Dieses Vorhaben der Russen ziele darauf ab, eine "ITU Mark" zu definieren, eine Art Zertifikat für Konformität mit ITU-Normen, sagt Rutkowski. "Der Schachzug in der ITU-T Arbeitsgruppe war, die Regulierung von Cloud Computing als technischen Standard zu etablieren."

Die Gründe dafür liegen auf der Hand. Wo immer die nächste Internet-Treibjagd auf Oppositionelle veranstaltet wird - wie 2009 im Iran - hätten die Regimes dann eine Art Rechtstitel dafür. Wenn dann unter Berufung auf "nationale Sicherheit" und "Souveränität" das Internet zensiert, überwacht oder komplett abgeschaltet wird, wie in Ägypten, könnte man sich auf diese "ITU Mark" berufen. Und die hat durchaus offizielles Gewicht: Die ITU ist bekanntlich eine UNO-Teilorganisation.

China, Saudi Arabien, Iran

Dass die 193 ITU-Mitgliedsstaaten mehrheitlich politische Strukturen haben, die dem russischen System weiter eher ähneln als europäischen Standards, macht das Vorhaben allerdings gefährlich. China, Saudi-Arabien, Iran und andere Staaten dieses Kalibers haben ebenfalls Interesse daran, das Netz so weit wie möglich unter die Fuchtel der ITU zu bringen.

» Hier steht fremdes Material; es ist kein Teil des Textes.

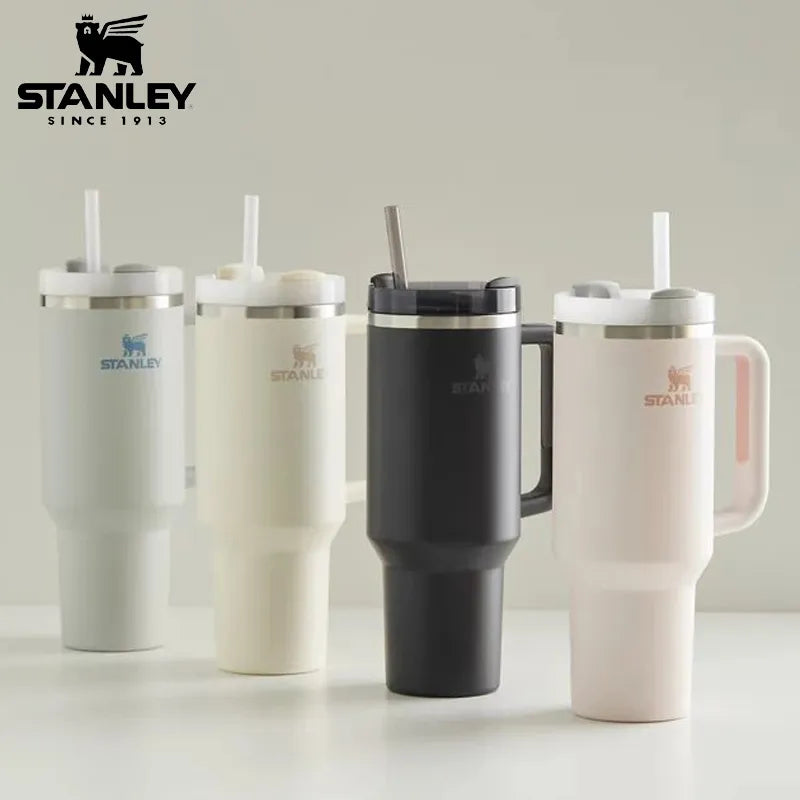 40oz Stanley Adventure Quencher H2.0 Tumbler With Handle Stainless Steel 40 Oz Water Bottle  Vacuum Insulated Travel Cup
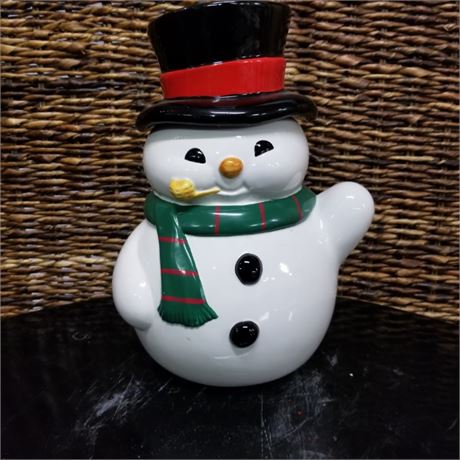 Vintage Snowman Cookie Jar - 5x9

Die unbestreitbare derzeitige Dominanz der USA über das Internet ist natürlich für "antikolonialistische" Rhetorik gut geeignet. Administration, Domainvergabe, Root-Server usw. werden ebenso von den USA dominiert, wie US-Firmen den Wirtschaftsraum Internet von der Hardware-Infrastruktur bis hin zu den Services haushoch beherrschen.

Von Venezuela bis Äthiopien, von Turkmenistan bis Zimbabwe können sich Russland und Co der Unterstützung sicher sein. Werden sie damit auch durchkommen? Rutkowski: "Wahrscheinlich nicht."